Marita Pappa (Parsons Fine Arts); Neni Panourgia (respondent, Columbia University)
Faculty House and Online
10 █ April █ 2025
16 █ 00 - 17 █ 30 EST
How can embodied practices reconfigure the public sphere? Can movement, sound and ephemeral gestures offer new ways of engaging with urban space as a site of care, connection, and transformation?
In this seminar, Greek Fulbright Artist Scholar Marita Pappa proposes embodied mapping as a speculative tool for rethinking public space in Athens – a city with a rich history of public discourse and civic engagement. Drawing from her recent body of work in New York, she explores how somatic knowledge can trace urban rhythms and tensions.
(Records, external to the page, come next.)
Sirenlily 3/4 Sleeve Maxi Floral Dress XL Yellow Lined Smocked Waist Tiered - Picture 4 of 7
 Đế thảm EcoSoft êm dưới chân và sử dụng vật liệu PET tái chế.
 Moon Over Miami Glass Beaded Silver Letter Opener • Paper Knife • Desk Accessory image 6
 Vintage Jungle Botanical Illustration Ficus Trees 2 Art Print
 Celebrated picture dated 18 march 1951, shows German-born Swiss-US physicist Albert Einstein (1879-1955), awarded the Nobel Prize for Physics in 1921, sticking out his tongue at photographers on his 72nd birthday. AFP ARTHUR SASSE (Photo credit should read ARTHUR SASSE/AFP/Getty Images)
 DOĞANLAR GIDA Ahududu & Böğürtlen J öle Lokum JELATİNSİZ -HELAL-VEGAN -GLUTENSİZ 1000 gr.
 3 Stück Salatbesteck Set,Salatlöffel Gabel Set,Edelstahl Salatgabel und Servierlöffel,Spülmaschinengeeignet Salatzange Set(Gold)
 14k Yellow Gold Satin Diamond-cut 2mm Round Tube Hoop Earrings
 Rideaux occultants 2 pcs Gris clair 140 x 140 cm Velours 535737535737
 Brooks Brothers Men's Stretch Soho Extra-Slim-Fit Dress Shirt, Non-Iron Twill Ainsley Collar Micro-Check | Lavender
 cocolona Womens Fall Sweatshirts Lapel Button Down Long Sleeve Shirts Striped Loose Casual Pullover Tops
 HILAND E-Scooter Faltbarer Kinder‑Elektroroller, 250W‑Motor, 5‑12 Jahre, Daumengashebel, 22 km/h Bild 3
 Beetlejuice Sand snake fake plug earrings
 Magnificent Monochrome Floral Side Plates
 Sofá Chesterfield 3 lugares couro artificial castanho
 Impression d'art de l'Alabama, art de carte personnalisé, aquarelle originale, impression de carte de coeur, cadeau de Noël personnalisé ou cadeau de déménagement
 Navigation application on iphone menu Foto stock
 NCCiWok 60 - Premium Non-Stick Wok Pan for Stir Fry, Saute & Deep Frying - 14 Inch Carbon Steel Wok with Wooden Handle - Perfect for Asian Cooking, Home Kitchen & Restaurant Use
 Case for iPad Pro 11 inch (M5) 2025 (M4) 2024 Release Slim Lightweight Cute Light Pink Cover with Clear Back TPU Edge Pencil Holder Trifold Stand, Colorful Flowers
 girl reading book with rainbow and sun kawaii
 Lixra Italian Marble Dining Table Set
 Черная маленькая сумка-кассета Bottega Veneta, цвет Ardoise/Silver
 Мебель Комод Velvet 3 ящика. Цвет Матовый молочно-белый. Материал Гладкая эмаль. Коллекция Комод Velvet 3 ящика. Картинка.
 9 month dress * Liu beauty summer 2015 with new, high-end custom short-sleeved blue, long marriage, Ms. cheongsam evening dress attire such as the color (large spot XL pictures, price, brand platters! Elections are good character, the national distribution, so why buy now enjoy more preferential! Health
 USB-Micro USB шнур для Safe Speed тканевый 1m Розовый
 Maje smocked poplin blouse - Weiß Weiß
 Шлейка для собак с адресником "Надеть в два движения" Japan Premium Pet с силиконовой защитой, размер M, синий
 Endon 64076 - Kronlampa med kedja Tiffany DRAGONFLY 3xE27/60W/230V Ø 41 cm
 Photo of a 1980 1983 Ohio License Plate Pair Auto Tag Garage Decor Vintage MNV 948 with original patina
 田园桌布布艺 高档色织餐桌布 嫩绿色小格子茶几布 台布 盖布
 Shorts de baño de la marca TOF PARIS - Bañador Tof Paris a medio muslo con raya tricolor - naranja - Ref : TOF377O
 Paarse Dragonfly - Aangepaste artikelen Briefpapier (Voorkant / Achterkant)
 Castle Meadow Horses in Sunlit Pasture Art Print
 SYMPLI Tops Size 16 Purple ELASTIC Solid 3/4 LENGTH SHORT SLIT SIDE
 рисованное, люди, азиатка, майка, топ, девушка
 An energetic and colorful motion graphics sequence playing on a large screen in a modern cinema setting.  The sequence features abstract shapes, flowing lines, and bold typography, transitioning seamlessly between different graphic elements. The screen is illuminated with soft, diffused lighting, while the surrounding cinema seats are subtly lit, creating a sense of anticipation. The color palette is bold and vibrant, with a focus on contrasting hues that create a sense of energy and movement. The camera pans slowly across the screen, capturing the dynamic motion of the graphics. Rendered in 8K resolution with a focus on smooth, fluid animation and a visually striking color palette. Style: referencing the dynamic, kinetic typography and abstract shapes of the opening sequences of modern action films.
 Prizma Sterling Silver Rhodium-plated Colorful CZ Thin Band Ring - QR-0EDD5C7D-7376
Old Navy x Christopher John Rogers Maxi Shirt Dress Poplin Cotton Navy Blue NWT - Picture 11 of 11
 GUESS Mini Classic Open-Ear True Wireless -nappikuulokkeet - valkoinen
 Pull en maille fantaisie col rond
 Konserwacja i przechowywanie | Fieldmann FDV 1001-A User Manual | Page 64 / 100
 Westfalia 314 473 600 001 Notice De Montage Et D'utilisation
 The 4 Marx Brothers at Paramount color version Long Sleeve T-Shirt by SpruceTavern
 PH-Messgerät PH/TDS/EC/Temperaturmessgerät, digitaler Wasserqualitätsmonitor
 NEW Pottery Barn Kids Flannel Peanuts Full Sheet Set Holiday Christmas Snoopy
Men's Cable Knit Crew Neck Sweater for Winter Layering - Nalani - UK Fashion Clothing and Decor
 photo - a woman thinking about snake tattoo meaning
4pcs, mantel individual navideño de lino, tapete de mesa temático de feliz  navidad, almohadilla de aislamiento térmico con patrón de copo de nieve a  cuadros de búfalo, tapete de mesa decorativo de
Both cities have strong traditions of public life and civic activism, though expressed in different ways, offering rich ground for examining how embodied practices can open up new possibilities for collective presence. Pappa’s research is in dialogue with theorists such as Athina Athanasiou, Sara Ahmed, and Hakim Bey, whose writings propose alternative ways of inhabiting public space. Ahmed’s notion of affective economies—the ways emotions circulate to shape spatial and social boundaries—becomes a key reference in Pappa’s approach. Through walking, field-recordings, and site-responsive drawings, she explores what Ahmed calls queer use of space: a practice of reconfiguring the familiar, engaging with overlooked spaces, and introducing moments of spontaneity into the urban landscape.
As public spaces in Athens evolve amid processes of privatization and rapid tourist growth, Pappa’s research foregrounds movement as a means of re-engaging with the city—one that invites encounters, fluidity, and new ways of experiencing shared environments.
This seminar is co-sponsored by the Program in Hellenic Studies. Registration closes at NOON on Wednesday, April 9th. If you do not have a Columbia ID, you will receive a QR code to access Faculty House.